Reproduce exactly the span of lines beginning at the one with "More Life (feat." and ending at the last line of the data below, omitting pictures.
-------- Dataset section
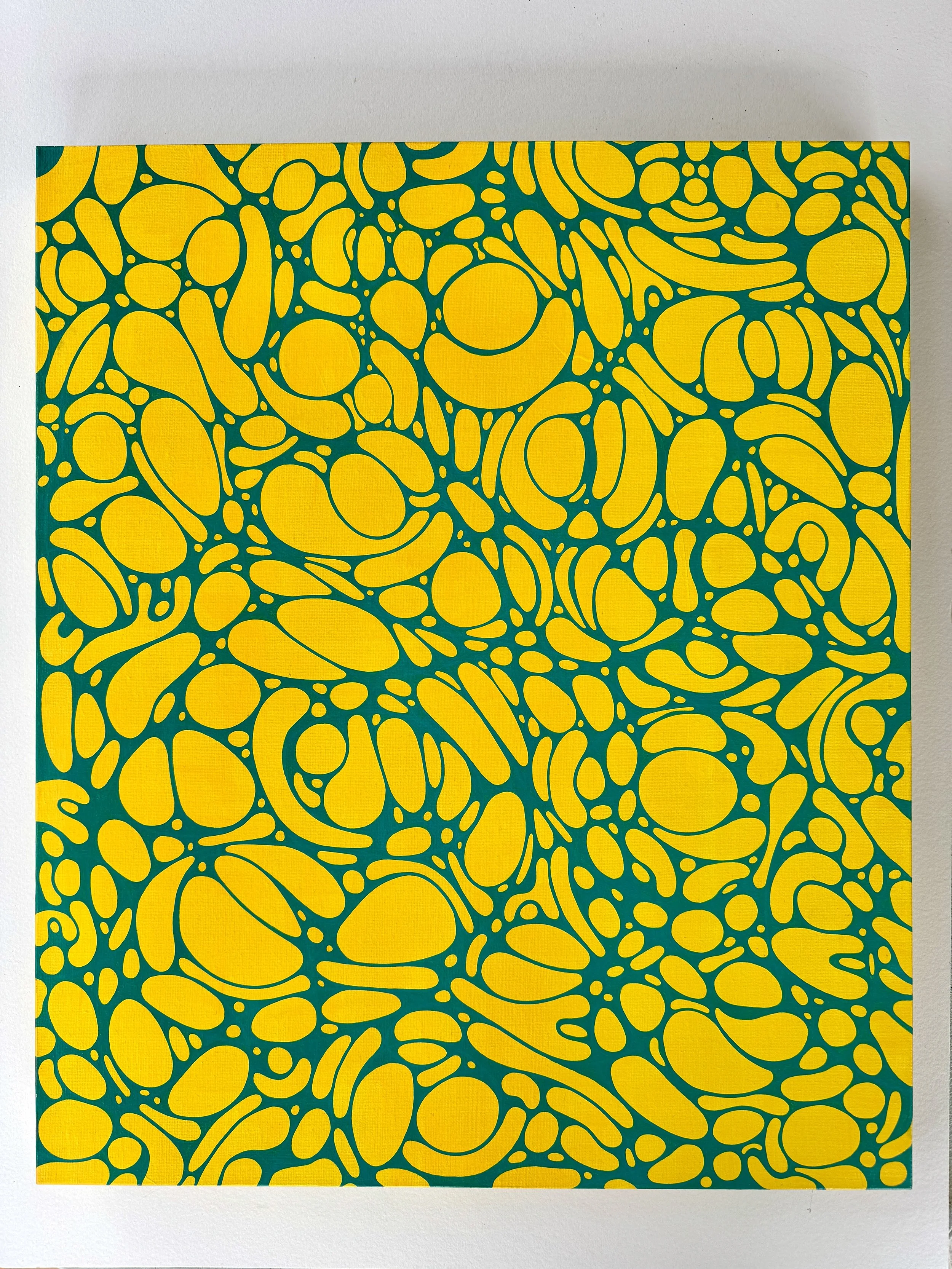 Photo 14-2-2026, 1 55 44 pm.jpg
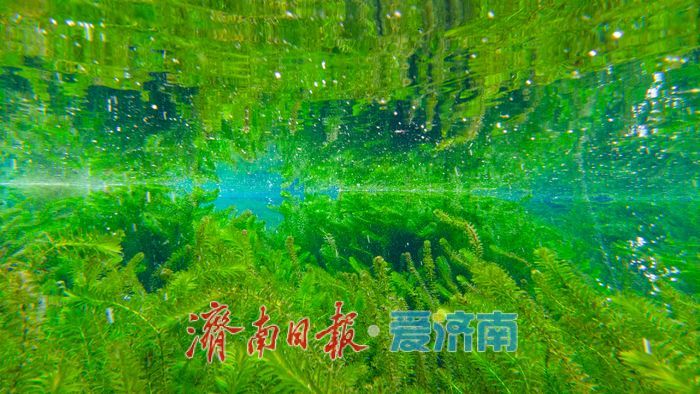 一年四季 泉在济南丨直击五龙潭水下秘境！泉眼“开锅”涌珠 胖鲤嬉戏“水底森林”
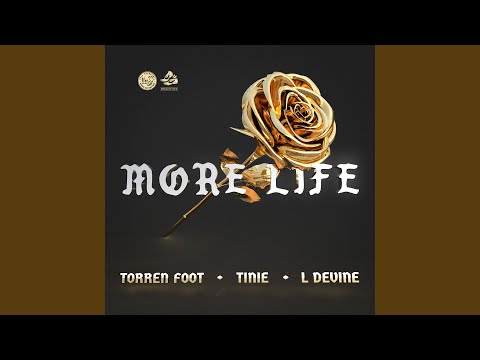 More Life (feat. Tinie Tempah & L Devine) (Extended Mix)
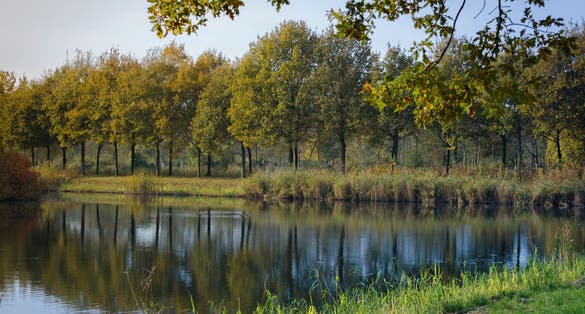 photo of Natuurpark Lelystad in Lelystad, the Netherlands.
----------------
**Solution to the problem:**
 More Life (feat. Tinie Tempah & L Devine) (Extended Mix)
 photo of Natuurpark Lelystad in Lelystad, the Netherlands.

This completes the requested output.